Aim of the task
Below this sentence is a listing; return exactly its lines from the one with "Inspire Essentials Bunny" to the one with "Chopard Be Mad", both kept, and nothing more.
══ Data for this exercise ══
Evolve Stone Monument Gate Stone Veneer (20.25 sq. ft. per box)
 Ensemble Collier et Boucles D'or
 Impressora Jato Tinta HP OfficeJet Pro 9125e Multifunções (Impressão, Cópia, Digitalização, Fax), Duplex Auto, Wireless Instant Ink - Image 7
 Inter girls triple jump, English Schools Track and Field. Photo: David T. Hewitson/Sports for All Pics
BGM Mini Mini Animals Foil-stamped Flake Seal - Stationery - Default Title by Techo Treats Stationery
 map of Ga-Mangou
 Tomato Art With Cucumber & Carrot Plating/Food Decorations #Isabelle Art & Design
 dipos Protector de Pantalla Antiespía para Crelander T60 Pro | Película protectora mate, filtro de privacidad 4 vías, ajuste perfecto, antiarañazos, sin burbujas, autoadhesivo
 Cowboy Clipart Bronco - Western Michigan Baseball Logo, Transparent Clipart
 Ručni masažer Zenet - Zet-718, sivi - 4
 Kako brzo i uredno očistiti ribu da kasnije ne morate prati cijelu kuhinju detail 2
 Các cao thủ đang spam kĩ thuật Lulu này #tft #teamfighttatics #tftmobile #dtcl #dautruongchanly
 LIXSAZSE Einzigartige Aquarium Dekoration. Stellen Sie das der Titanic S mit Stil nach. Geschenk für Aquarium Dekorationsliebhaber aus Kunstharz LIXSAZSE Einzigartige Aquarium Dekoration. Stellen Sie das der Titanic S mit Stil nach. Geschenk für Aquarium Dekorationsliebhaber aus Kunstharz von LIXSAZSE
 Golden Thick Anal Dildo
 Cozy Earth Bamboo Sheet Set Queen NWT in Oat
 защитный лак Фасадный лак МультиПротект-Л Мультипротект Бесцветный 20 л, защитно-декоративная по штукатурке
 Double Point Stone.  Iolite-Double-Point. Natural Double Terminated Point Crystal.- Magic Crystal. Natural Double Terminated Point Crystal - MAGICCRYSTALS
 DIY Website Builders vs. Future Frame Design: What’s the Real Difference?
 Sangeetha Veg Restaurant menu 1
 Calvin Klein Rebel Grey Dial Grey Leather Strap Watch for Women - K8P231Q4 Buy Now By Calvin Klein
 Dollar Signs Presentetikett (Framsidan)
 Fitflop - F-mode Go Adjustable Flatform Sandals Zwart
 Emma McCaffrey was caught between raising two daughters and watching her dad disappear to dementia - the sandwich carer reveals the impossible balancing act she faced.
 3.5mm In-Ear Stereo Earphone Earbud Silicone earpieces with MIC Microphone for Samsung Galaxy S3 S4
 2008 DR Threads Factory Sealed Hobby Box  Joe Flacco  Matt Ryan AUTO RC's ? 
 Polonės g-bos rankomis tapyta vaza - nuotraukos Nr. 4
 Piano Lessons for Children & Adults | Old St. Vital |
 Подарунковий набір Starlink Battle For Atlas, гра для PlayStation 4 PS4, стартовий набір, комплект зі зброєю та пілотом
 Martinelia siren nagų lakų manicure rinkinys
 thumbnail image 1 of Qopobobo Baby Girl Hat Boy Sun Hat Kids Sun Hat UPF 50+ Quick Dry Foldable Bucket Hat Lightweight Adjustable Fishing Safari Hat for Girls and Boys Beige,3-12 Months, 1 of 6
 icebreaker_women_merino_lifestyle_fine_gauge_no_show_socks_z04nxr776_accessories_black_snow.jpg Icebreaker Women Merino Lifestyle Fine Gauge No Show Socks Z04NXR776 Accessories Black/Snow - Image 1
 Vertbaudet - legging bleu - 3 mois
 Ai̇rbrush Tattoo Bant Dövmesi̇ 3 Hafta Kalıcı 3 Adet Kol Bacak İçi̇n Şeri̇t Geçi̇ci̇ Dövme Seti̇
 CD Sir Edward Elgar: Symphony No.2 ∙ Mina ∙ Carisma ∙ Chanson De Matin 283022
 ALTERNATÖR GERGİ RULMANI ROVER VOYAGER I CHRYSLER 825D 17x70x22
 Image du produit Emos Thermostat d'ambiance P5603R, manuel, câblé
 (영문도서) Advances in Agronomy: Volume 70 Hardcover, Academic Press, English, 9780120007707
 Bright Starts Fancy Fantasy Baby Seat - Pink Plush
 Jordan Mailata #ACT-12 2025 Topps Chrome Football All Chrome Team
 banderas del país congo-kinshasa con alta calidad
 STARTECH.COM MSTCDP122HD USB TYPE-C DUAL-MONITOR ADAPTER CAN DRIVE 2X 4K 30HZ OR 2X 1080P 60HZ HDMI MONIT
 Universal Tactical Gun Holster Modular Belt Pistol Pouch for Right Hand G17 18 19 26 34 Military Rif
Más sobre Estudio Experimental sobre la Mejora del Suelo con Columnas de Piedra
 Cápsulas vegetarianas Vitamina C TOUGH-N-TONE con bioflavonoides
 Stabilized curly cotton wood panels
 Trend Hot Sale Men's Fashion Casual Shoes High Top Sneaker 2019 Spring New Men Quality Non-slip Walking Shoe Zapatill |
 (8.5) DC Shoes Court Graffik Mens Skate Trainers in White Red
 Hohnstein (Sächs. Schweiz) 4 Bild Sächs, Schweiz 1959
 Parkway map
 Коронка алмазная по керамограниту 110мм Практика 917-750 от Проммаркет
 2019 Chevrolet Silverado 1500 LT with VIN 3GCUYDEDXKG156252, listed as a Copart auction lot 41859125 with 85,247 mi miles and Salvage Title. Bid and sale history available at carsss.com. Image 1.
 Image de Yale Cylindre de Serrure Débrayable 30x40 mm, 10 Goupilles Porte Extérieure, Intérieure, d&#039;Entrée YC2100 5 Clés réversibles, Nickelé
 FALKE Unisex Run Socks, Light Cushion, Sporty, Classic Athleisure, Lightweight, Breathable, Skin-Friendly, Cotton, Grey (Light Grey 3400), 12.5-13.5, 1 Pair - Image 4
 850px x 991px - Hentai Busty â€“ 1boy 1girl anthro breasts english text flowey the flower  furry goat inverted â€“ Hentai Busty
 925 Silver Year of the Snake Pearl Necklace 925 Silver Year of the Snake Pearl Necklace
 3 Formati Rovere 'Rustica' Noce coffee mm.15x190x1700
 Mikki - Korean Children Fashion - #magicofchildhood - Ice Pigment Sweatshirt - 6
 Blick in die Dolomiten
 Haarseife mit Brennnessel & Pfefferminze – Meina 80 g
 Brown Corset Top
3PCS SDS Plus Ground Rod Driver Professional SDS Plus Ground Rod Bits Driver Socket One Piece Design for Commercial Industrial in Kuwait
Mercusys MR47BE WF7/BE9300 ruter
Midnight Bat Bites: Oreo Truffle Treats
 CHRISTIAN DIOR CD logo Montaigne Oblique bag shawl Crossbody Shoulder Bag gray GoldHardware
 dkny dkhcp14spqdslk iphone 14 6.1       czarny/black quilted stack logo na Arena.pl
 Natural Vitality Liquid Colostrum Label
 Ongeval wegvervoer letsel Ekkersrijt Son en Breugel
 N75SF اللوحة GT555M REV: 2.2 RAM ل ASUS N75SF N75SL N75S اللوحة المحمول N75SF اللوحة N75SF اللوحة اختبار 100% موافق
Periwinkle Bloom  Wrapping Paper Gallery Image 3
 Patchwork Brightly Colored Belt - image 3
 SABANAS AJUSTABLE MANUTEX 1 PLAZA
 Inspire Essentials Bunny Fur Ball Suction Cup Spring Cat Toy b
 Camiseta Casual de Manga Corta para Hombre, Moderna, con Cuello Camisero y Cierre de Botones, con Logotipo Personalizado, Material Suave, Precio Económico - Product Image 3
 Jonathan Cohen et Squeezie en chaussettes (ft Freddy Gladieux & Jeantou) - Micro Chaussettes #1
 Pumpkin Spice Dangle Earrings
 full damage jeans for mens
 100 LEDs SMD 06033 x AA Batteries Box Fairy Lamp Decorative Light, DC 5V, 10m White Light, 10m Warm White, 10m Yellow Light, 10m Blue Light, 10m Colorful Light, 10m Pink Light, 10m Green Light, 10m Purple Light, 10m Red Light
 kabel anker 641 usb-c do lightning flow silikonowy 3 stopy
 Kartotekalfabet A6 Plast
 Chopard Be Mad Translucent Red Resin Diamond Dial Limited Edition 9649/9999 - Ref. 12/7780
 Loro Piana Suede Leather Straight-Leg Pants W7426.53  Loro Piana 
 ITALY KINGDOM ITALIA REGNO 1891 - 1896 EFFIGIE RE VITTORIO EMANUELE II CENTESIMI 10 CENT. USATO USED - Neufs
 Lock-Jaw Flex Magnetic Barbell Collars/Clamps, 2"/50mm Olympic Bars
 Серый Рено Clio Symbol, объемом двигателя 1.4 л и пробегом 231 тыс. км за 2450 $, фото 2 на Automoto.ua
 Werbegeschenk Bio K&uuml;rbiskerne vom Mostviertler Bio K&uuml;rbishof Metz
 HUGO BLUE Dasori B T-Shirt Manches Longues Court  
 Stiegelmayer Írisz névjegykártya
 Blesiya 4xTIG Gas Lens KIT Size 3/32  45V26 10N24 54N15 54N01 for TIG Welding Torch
═══
Answer to the exercise
 Inspire Essentials Bunny Fur Ball Suction Cup Spring Cat Toy b
 Camiseta Casual de Manga Corta para Hombre, Moderna, con Cuello Camisero y Cierre de Botones, con Logotipo Personalizado, Material Suave, Precio Económico - Product Image 3
 Jonathan Cohen et Squeezie en chaussettes (ft Freddy Gladieux & Jeantou) - Micro Chaussettes #1
 Pumpkin Spice Dangle Earrings
 full damage jeans for mens
 100 LEDs SMD 06033 x AA Batteries Box Fairy Lamp Decorative Light, DC 5V, 10m White Light, 10m Warm White, 10m Yellow Light, 10m Blue Light, 10m Colorful Light, 10m Pink Light, 10m Green Light, 10m Purple Light, 10m Red Light
 kabel anker 641 usb-c do lightning flow silikonowy 3 stopy
 Kartotekalfabet A6 Plast
 Chopard Be Mad Translucent Red Resin Diamond Dial Limited Edition 9649/9999 - Ref. 12/7780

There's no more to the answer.